We have read about the horrific incidents around the country for years now. Locations like Columbine, Virginia Tech, Sandy Hook, Orlando, Las Vegas Strip and Parkland have been etched into our collective memory and will be henceforth associated with senseless loss of life. Never for a moment did we expect Gilroy or the Garlic Festival to join that list.

The frequency of recent mass shootings in recent years has had a numbing effect. How can we grieve a massacre a month, honor the victims and understand the motives of every deranged killer and still maintain some sense of normalcy in our lives? On a typical month in 2019, around 50 people die is mass shootings. We can be forgiven for not paying attention each time. How is this new normal in any way acceptable?

Then, suddenly, it happens. The pop-pop-pop in the background is at first surreal. It’s probably a firecracker. Next, people run or dive for cover. Initial reports are sketchy or contaminated with misinformation. The horror pierces our bubble of personal safety and the notion that it can’t happen here. 

On June 23, a San Jose family of five died in a murder-suicide, one of that city’s worst tolls. Two days later, three deaths occurred at a Morgan Hill car dealership. This past weekend, a disturbed individual fired bullets at kids playing around a bouncy castle. How messed up is that?

It rattles our sense of normalcy, because we could have been there—or were, and survived. We know someone who was at the festival at the time. Or know someone who knows someone who one who was hit by a bullet. It’s too close to home, and this time we could not turn away from the news.

The Gilroy Garlic Festival shooting is particularly disturbing because it was perpetrated by a member of the community. He attended local schools and came from a well-established family that was active in the region’s athletic, scholastic, business and political spheres.

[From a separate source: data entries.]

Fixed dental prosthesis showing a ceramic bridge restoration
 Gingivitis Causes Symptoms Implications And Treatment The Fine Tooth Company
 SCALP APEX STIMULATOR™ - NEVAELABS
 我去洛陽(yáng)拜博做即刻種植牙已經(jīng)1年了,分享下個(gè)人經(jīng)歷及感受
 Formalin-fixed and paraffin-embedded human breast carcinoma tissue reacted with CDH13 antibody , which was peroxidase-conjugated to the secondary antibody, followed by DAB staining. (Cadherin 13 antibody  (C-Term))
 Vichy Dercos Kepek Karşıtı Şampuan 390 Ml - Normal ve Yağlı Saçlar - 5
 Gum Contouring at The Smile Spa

We must now reclaim our civic life by not letting dark forces win. We cannot hide in our homes and disengage under the rationale that public security cannot be assured. We must give the lives of Stephen Romero, Keyla Salazar and Trevor Irby meaning by committing ourselves to doing what we can, as a community, to assure that senseless violence will not again needlessly destroy lives.

Our society clearly must invest in expanding counseling and mental health services to ensure that people who seek destructive outlets for their anger or self esteem issues can find the help they need. We will need to invest in better security for public events, including secure perimeters, increased law enforcement presence and better technologies to prevent the introduction of weapons.

A gun-free society isn’t in the cards, but Second Amendment advocates must begin to promote responsible ownership so that weapons don’t get into the wrong hands. Sensible laws that provide for background checks and waiting periods, restrict high-capacity magazines and semi-automatic rifles and raise minimum ages for ownership of certain classes of weapons should be applied in states that make it too easy to buy weapons without proper safeguards. Semi-automatic weapons are not necessary for sport or personal defense.

The United States has the dubious distinction of being the world leader in mass shootings, and 2019 is the worst year ever. We must reclaim our schools and churches, mosques and synagogues, music concerts and nightclubs, movie theaters, waffle houses and food festivals.